I know that I have a lot to offer someone and my history has been filled with finding "diamonds in the rough" and then spending my time, energy and money to "shine them up". I have learned to avoid that type of guy. I've also learned that there aren't a lot of really good catches out there. At least not where I live in So Cal.

So here's my dilemna....I met the man I'm now dating about two months ago. He is kind, thoughtful and considerate. He's intelligent, educated and has a great career. He's a divorced single dad who is wonderful with his kids. He listens to what I say, is supportive and remembers the little things. He has a great relationship with his family, good friendships and lots of interests. He's a great cook and can fix just about anything. He's financially stable, makes a good income and has no debt.

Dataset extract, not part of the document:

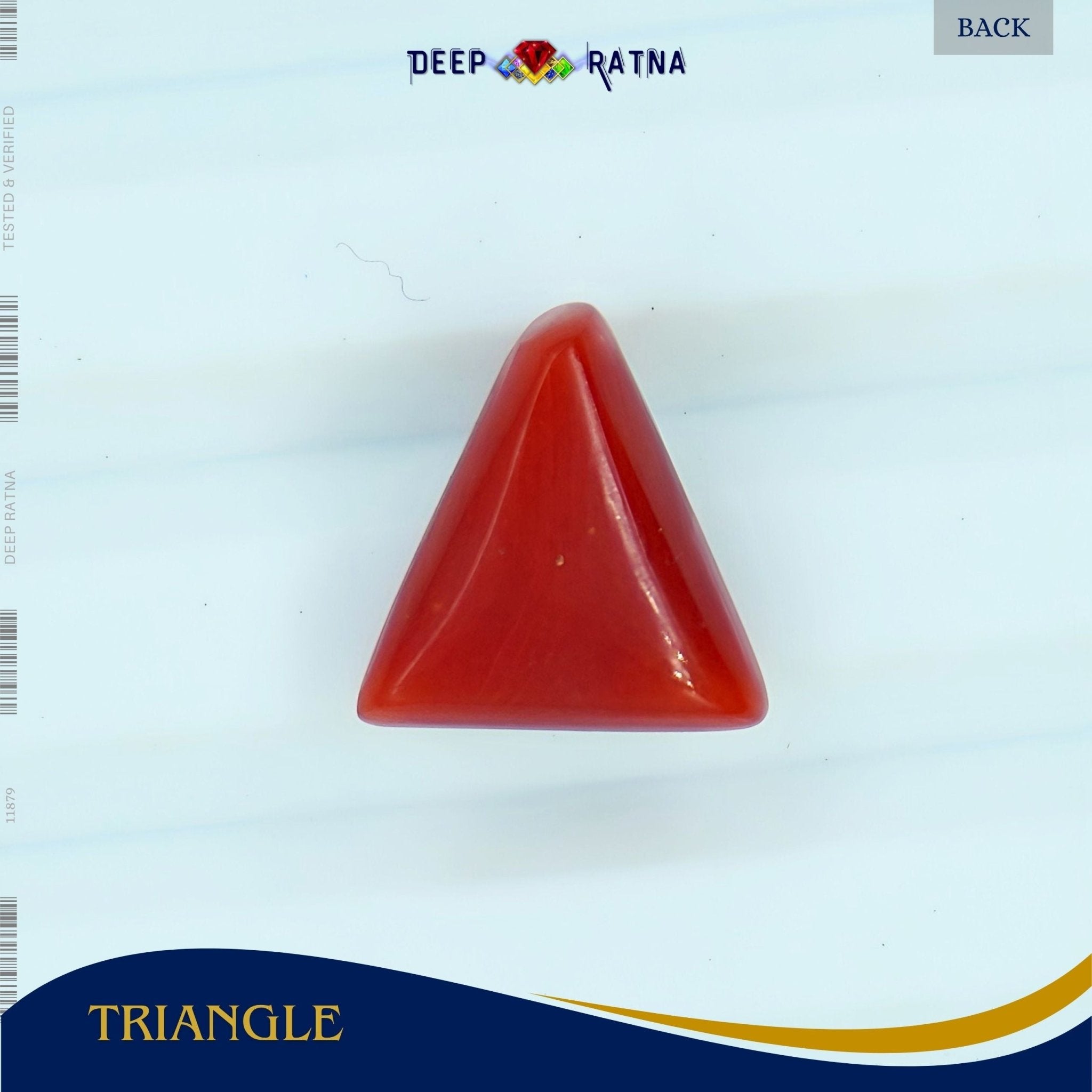 Red Coral 3.04 Carat (Italian) - Deep Ratna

He's complimentary without being sappy and knows when to give me my space. He is fabulous with my kids and they really like him. He is also very talented in the bedroom :-).

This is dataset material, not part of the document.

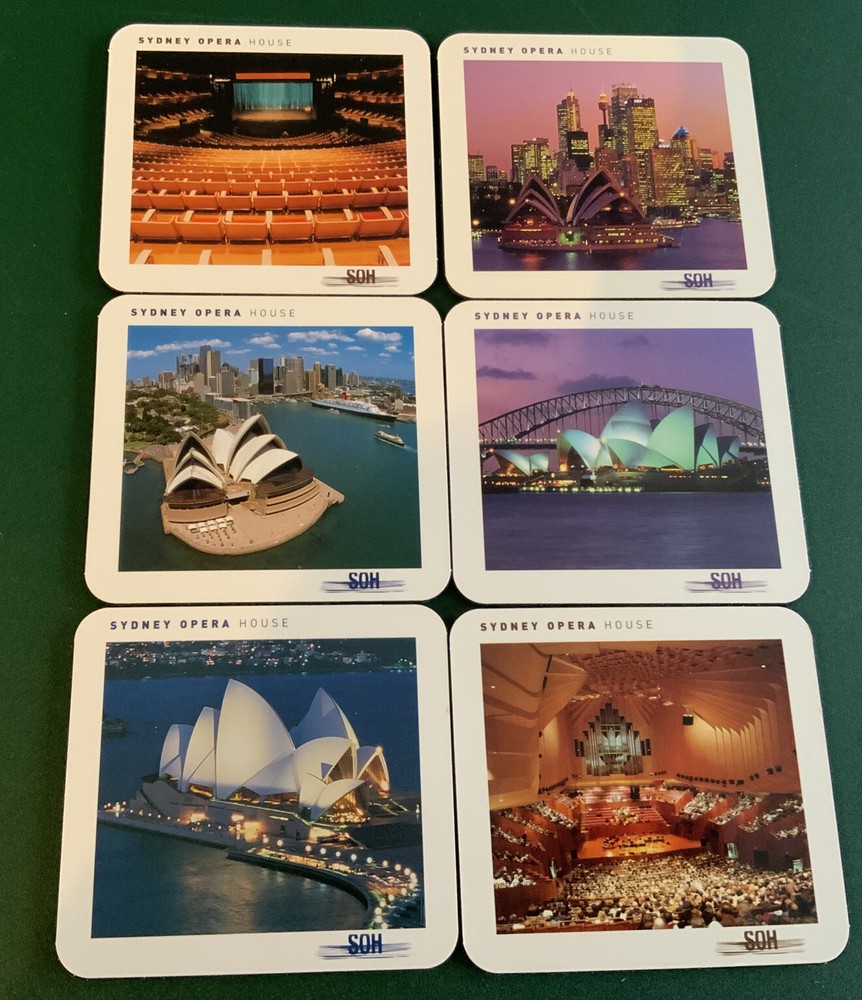 SYDNEY OPERA HOUSE SUZIE THOMAS COASTERS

Ok, I know you are all wondering what the problem is right? Here it is...I'm not attracted to him. There is nothing wrong with his looks, but he's just not my type physically. Now that doesn't mean that we don't have a physical connection, because it is there. I just don't feel all googley-eyed when I see him and my heart doesn't skip a beat when I hear from him. I really like being with him, we get along great and have so many things in common, including the big things, like politics, religion and child-rearing. But when I'm with him, I find myself obsessing about thinking that he's not cute.

He is a wonderful guy and I have never met someone of such waulity. He has all the traits that I've been looking for in a partner, there's just this one little hiccup. Do you all think I'm crazy? I want desperatley to feel passion for him, but I don't right now. Is this something that can grow. I know that the key to all successful relationships are trust, respect and honor and I know that "lust" fades, love doesn't. But shouldn't there at least be "lust" in the beginning? Or have I been watching too many Hollywood movies? I know that in 20 years, no man will be "cute" anymore.

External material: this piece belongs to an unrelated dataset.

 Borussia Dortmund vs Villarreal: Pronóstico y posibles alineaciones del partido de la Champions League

What do you all think? Should I wait and see? If so how long? Should I thank my lucky stars that I have him and not worry about it?

Please advise. Thanks

--Melissa

iVillage Member
Registered: 05-25-2004
Wed, 02-15-2006 - 10:38pm

You do have to have a physical attraction and some chemistry. It doesn't have to be a lot of chemistry - but the chemistry has to be there - or it is not a romance - it is a friendship.

You can give it more time - see what happens. But sooner or later you will have to make the call to fish or cut bait. Usually this happens when the other person, who has strong romantic feelings, begins to push ahead and act on those. And then you will either feel the same way or you will jump ship and be turned off.

Whatever happens, we are here for you. Don't feel bad if you are not attracted - but do give it some time to see. I do know of a few good relationships that started this way. Maybe you just need to enjoy and activity together that means a lot to both of you.

Keep us posted! Welcome to our board -we hope you stick around to participate in our conversations. I am sure the others here will have good things to add, too.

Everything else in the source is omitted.